▸ Exercise requirements:
Under this line are records; the part from the line containing "Report State also" through the line containing "The wavelength of" should be repeated exactly. Please exclude pictures.

Start of Material supplied

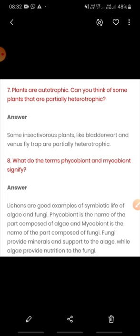The alga prepares food because it has chlorophyll, but for food preparation it needs water and minerals, which are provided by the fungi. Fungi have hyphae — thread-like structures — that can absorb water and minerals from distant places. In return, the alga provides food to the fungi and also provides shelter and support. This type of association is known as symbiotic association, where the algal part is called phycobiont and the fungal part is called mycobiont.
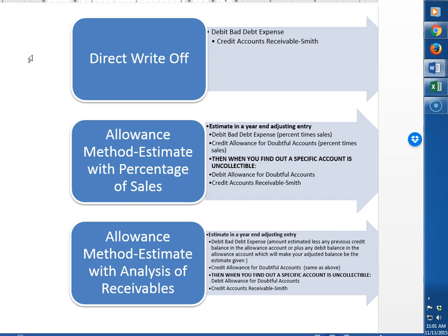The method that does match and that is GAAP compliant is called the allowance method. In this method at the end of the year the company will make one adjustment for the estimate of all the accounts that will be uncollectible. At that point in time they don't know which customer is not going to pay them, but experience tells them that a certain percent will not pay them. So in order to match the bad debt expense into the same period as they made the sales, they make an estimate.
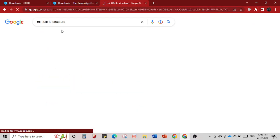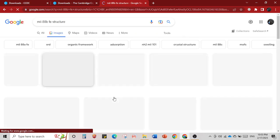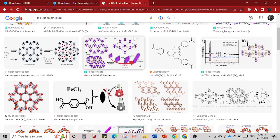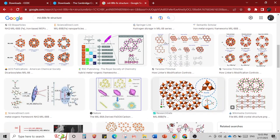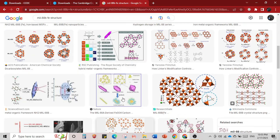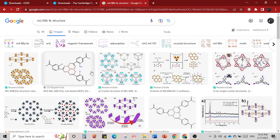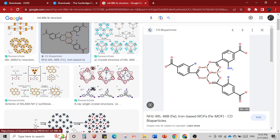If you take iron chloride and benzene dicarboxylic acid under different synthesis conditions, you will end up with MIL-88B. To understand the structure of MIL-88B: it has a structure where the metal center is linked to three other carboxylic acid groups. You can see that this is one carboxylic acid — it is an NH2-substituted benzene dicarboxylic carboxylic acid.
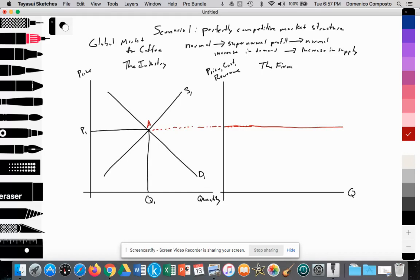The firm is a price taker. There are millions of coffee farmers worldwide, and no one farmer has the ability to influence price. They are so small and insignificant compared to the millions of other coffee producers, so they accept the price at P1. We notice that price is equal to the average revenue for the individual firm, which is also equal to the marginal revenue.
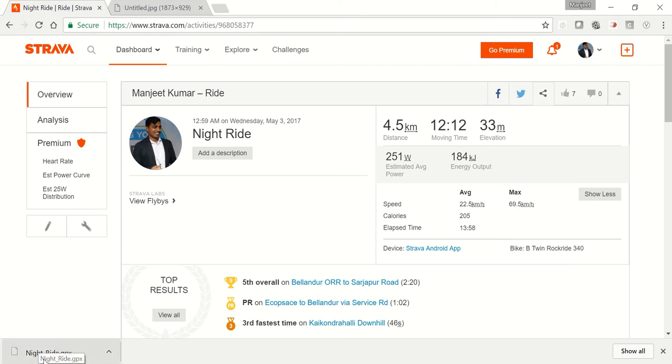Once you click on that export GPX button, you will find in the download bar that it will automatically download the GPX file.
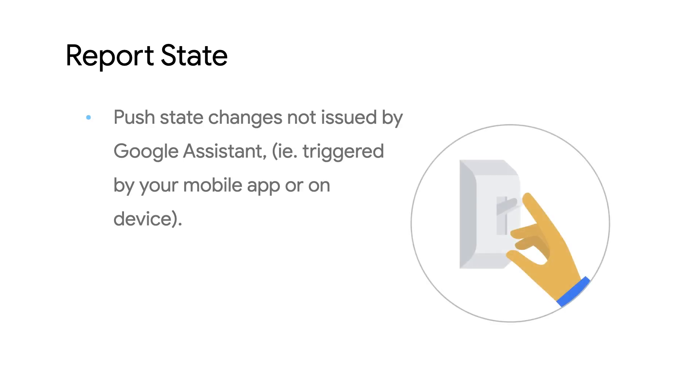Report State also enables developers to push state changes not issued by the Smart Home API, like when a user turns on the TV via remote or uses the device's mobile app to adjust brightness of the lights.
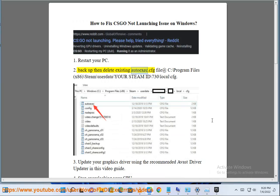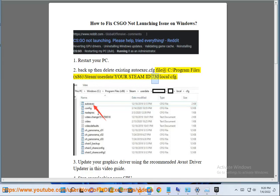2. Backup and delete the existing autoexec.cfg file at: C:\Program Files (x86)\Steam\userdata\[your Steam ID]\730\local\cfg.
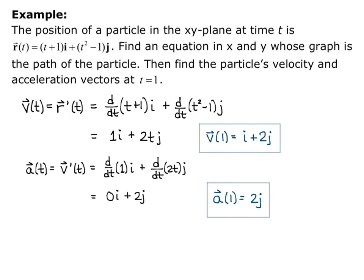Remember: you always take the derivative component-wise. Start with position, take the derivative to find velocity, then take the derivative of velocity to find acceleration.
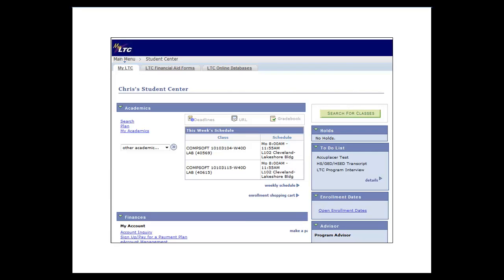From the student center, you are able to enroll in classes, view your class schedule, pay for classes, sign up for payment plans, view your financial aid, request official transcripts, just to name a few of the items.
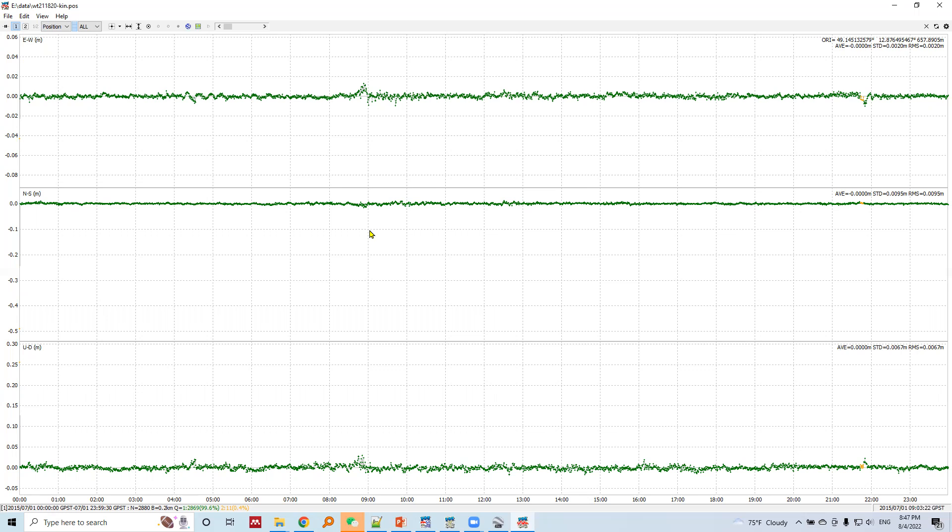This is the result of kinematic positioning mode performed in RTK LIB, and the accuracy is at millimeter level.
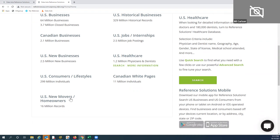U.S. Healthcare information is updated monthly, as is Consumer Lifestyles and the Canadian White Pages. Our U.S. New Movers and New Homeowners data comes from our license agreement with the United States Postal Service. We update that every week — when people fill out a national change of address and give it to the postman, we capture that information weekly and make it available here.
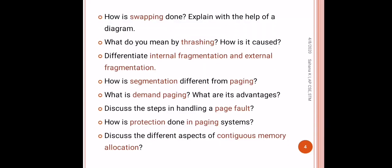How is swapping done? Explain with the help of a diagram. What do you mean by thrashing? How is it caused? Differentiate internal fragmentation and external fragmentation, which comes under the topic segmentation. How is segmentation different from paging? What is demand paging? What are its advantages? Discuss the steps in handling page fault. How is protection done in paging system? Discuss the different aspects of continuous memory allocation. These are the mainly asked theoretical questions from this module.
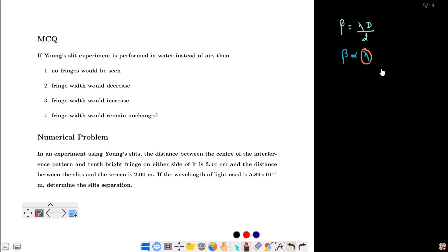The wavelength of light is less in water than in air. Speed of light in air is C, and C is equal to lambda times F, where F is the frequency.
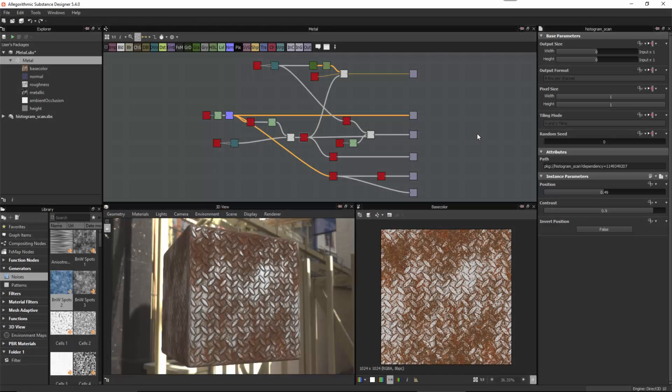In this video, we're going to take a look at exposing parameters and publishing our substance. We completed our material in the second video, and now that we have our full material, what I would like to do is finish setting this substance up for publishing.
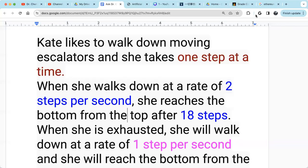Let's see this question being asked. This is a life application or word problem. Kitty likes to walk down moving escalators, so the escalator is moving down, and she takes one step at a time.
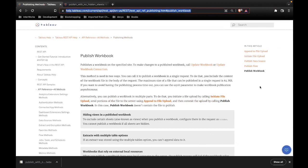Welcome to this video. We're going to be covering publishing workbooks via the Tableau REST API — specifically, how to hide views when you publish. This question came up recently and I realized there wasn't a video on it yet, so here we go.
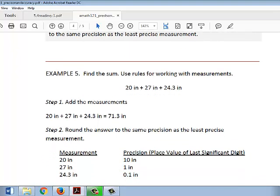Here's an example. We want to find the sum of these three measurements: 20 inches, 27 inches, and 24.3 inches. We're going to use rules for working with measurements, which means we're going to round according to the precision of the least precise measurement in this group. Adding the measurements together, we get 71.3 inches.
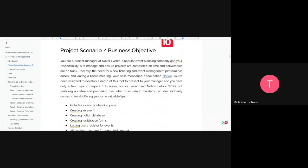The scenario is: you are a project manager at a company called Novel Events, a popular company that ensures projects are completed on time and deliverables are on track. Recently, there's a need for a new event management platform, raised during a board meeting. Your boss wants you to use Notion and present a demo for the team, and you only have about a week to do this.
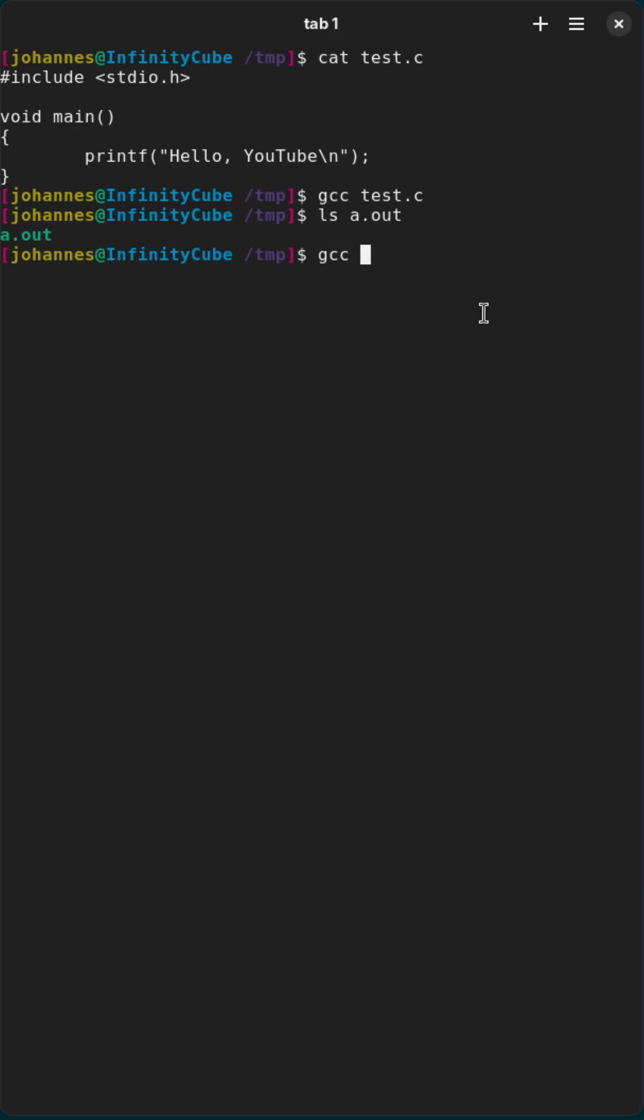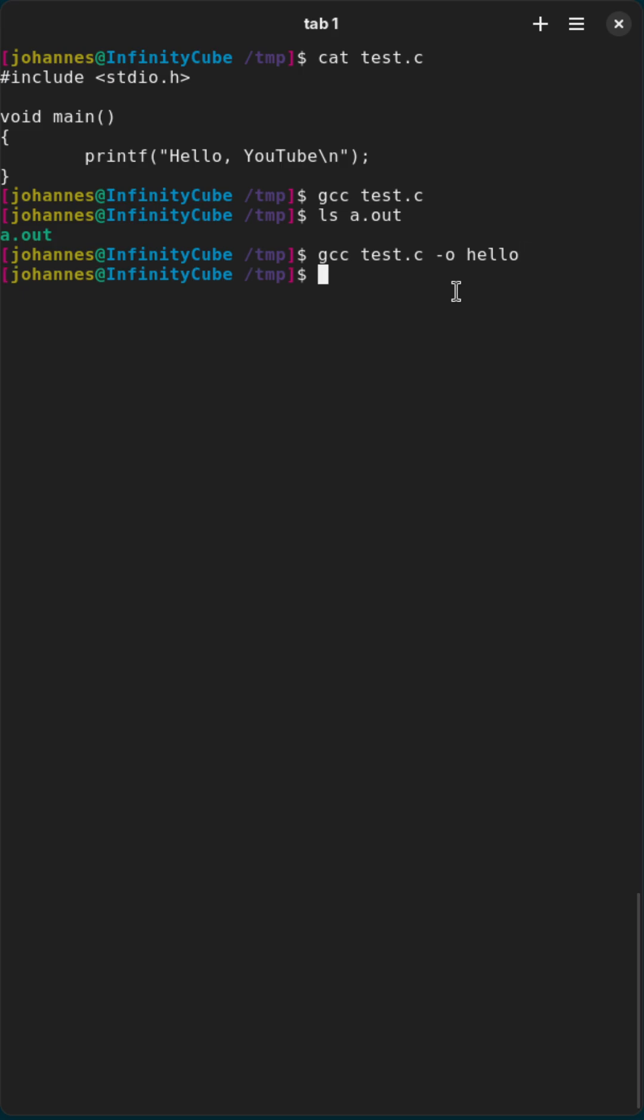Well then again you can invoke gcc, pass in your input file and use the -o option for output file. And then specify a name which the output file should have. So in this case hello.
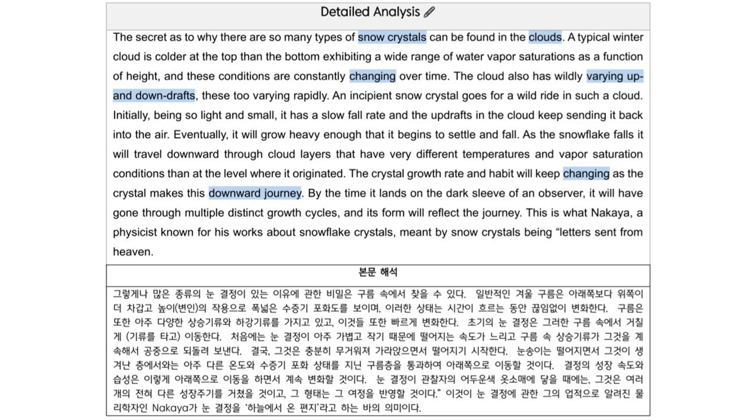The cloud also has wildly varying up- and downdrafts, these too varying rapidly.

End of Material supplied

▸ Answer space:
Report State also enables developers to push state changes not issued by the Smart Home API, like when a user turns on the TV via remote or uses the device's mobile app to adjust brightness of the lights.
2. Backup and delete the existing autoexec.cfg file at: C:\Program Files (x86)\Steam\userdata\[your Steam ID]\730\local\cfg.
Remember: you always take the derivative component-wise. Start with position, take the derivative to find velocity, then take the derivative of velocity to find acceleration.
From the student center, you are able to enroll in classes, view your class schedule, pay for classes, sign up for payment plans, view your financial aid, request official transcripts, just to name a few of the items.
This is the result of kinematic positioning mode performed in RTK LIB, and the accuracy is at millimeter level.
U.S. Healthcare information is updated monthly, as is Consumer Lifestyles and the Canadian White Pages. Our U.S. New Movers and New Homeowners data comes from our license agreement with the United States Postal Service. We update that every week — when people fill out a national change of address and give it to the postman, we capture that information weekly and make it available here.
How is swapping done? Explain with the help of a diagram. What do you mean by thrashing? How is it caused? Differentiate internal fragmentation and external fragmentation, which comes under the topic segmentation. How is segmentation different from paging? What is demand paging? What are its advantages? Discuss the steps in handling page fault. How is protection done in paging system? Discuss the different aspects of continuous memory allocation. These are the mainly asked theoretical questions from this module.
The wavelength of light is less in water than in air. Speed of light in air is C, and C is equal to lambda times F, where F is the frequency.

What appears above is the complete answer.